## Your goal
The reply should hold every line of the listing exactly, and none of its images.

## Supplied information
= Beginning of Section =

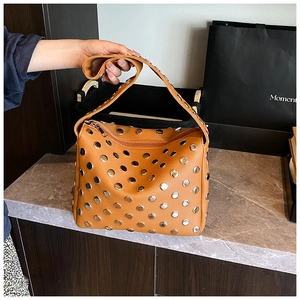 Detailed shot of brown litchi grain leather shoulder bag with silver metal studs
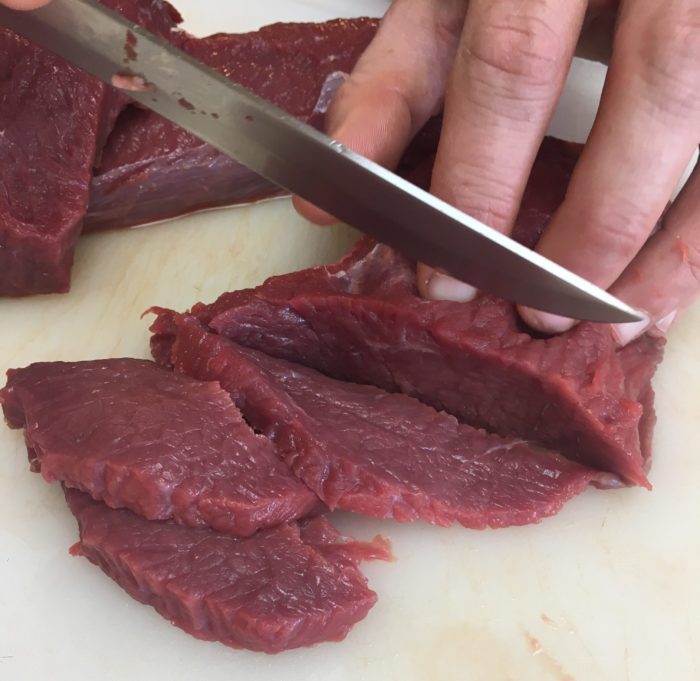 Slicing aoudad meat for tacos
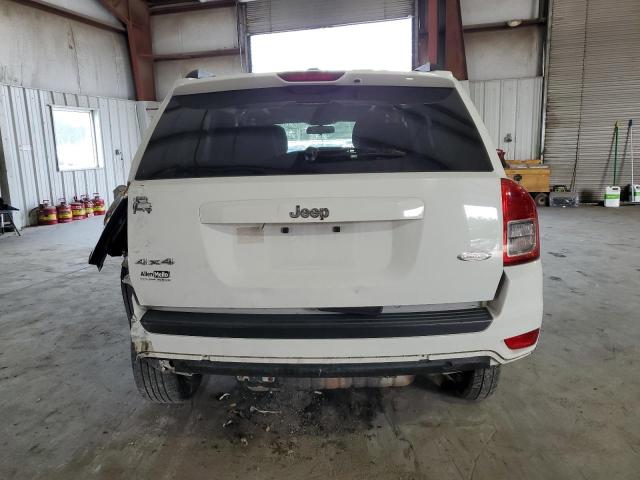 Photo 6 from auction – 2012 JEEP COMPASS LA with VIN 1C4NJDEB9CD572721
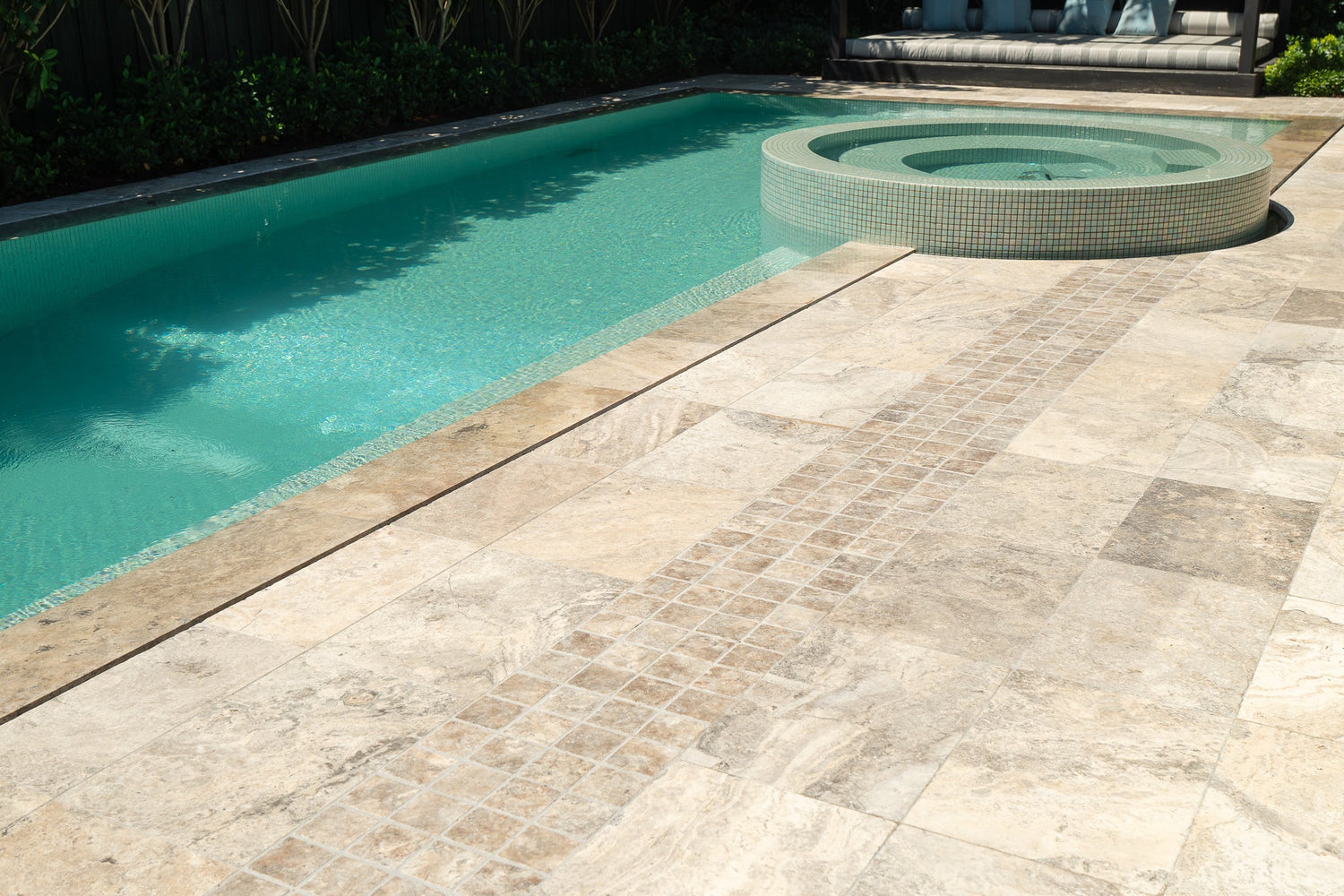 Travertine pool surround at a prestige residential property, pool and spa with full stone paving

= End of Section =

## Task output
 Detailed shot of brown litchi grain leather shoulder bag with silver metal studs
 Slicing aoudad meat for tacos
 Photo 6 from auction – 2012 JEEP COMPASS LA with VIN 1C4NJDEB9CD572721
 Travertine pool surround at a prestige residential property, pool and spa with full stone paving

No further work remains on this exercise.